- Supreme Court of California

Decided January 23, 1992
- Full case name: Mexicali Rose et al., Petitioners, v. The Superior Court of Alameda County, Respondent; Jack A. Clark, Real Party in Interest.
- Citation(s): 4 Cal. Rptr. 2d 145, 822 P.2d 1292

Case history
- Prior history: Appeal from a judgment upon a jury verdict in favor of plaintiff
- Subsequent history: none

Holding
- If the presence of a natural food substance is due to a restaurateur's failure to exercise due care in food preparation, the injured patron may sue under a negligence theory.

Court membership
- Chief Justice: Malcolm M. Lucas
- Associate Justices: Marvin R. Baxter, Joyce L. Kennard, Edward A. Panelli, Ronald M. George, Stanley Mosk, Armand Arabian

Case opinions
- Majority: Lucas
- Concurrence: Panelli, Baxter, George
- Concurrence: Kennard
- Dissent: Mosk
- Dissent: Arabian

= Mexicali Rose v. Superior Court =

Supreme court case

Mexicali Rose v.

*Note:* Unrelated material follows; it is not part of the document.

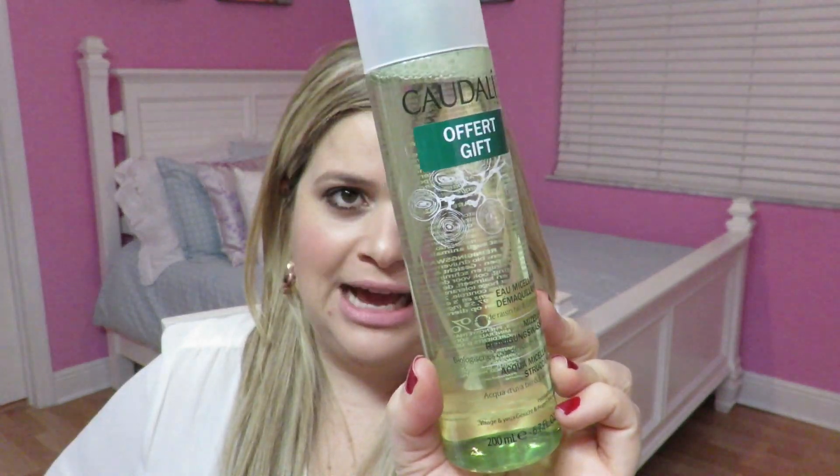As a gift at the store where I bought all the Bioderma products, I received this Caudalie makeup remover. I've never tried it but I was excited to get it as a gift and can't wait to test it out. It has chamomile and is hypoallergenic for face and eyes. I can't tell you the exact name in English — it only has it in French, German, and Italian — but I'm sure they sell it here since we have some Caudalie products at Sephora.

Superior Court, 1 Cal. 4th 617 (1992), was a Supreme Court of California case in which the court’s decision held that restaurants, grocery stores, and other food service establishments in California can be held liable for injuries sustained by patrons from foreign objects—including natural food parts—that are left in food.

==Background==

William L. Berg represented Jack A. Clark in the 1992 case of Mexicali Rose v. Superior Court—a Supreme Court of California case that changed state and consumer law. While Clark was dining at a restaurant, a one-inch chicken bone that was left in his chicken enchilada became lodged in his throat. The bone caused Clark to suffer serious injuries, and he needed three throat operations to repair the damage. As a result of his injuries, Clark filed a lawsuit against the restaurant—Mexicali Rose—as well as its owner.

==Opinion of the Court==

Originally filed in the Alameda County Superior Court, the case eventually made its way to the Supreme Court of California. The justices presiding over the case, including Chief Justice Malcolm M. Lucas, ruled in a majority opinion that the restaurant was negligent by leaving the bone in the enchilada, which overturned the precedent established in Mix v. Ingersoll Candy Co. (1936) 6 Cal.2d 674 [59 P.2d 144], a case that set the previous standard for restaurant liability. Mix v. Ingersoll Candy Co. found that restaurant owners could only be considered negligent if foreign substances were left in food, but natural food parts, such as bones, should be expected.

==Legacy==

As a result of this ruling, as well as subsequent rulings based on this case, restaurants and grocery stores in California are held accountable to stricter safety standards—including inspections—to make food safer for customers.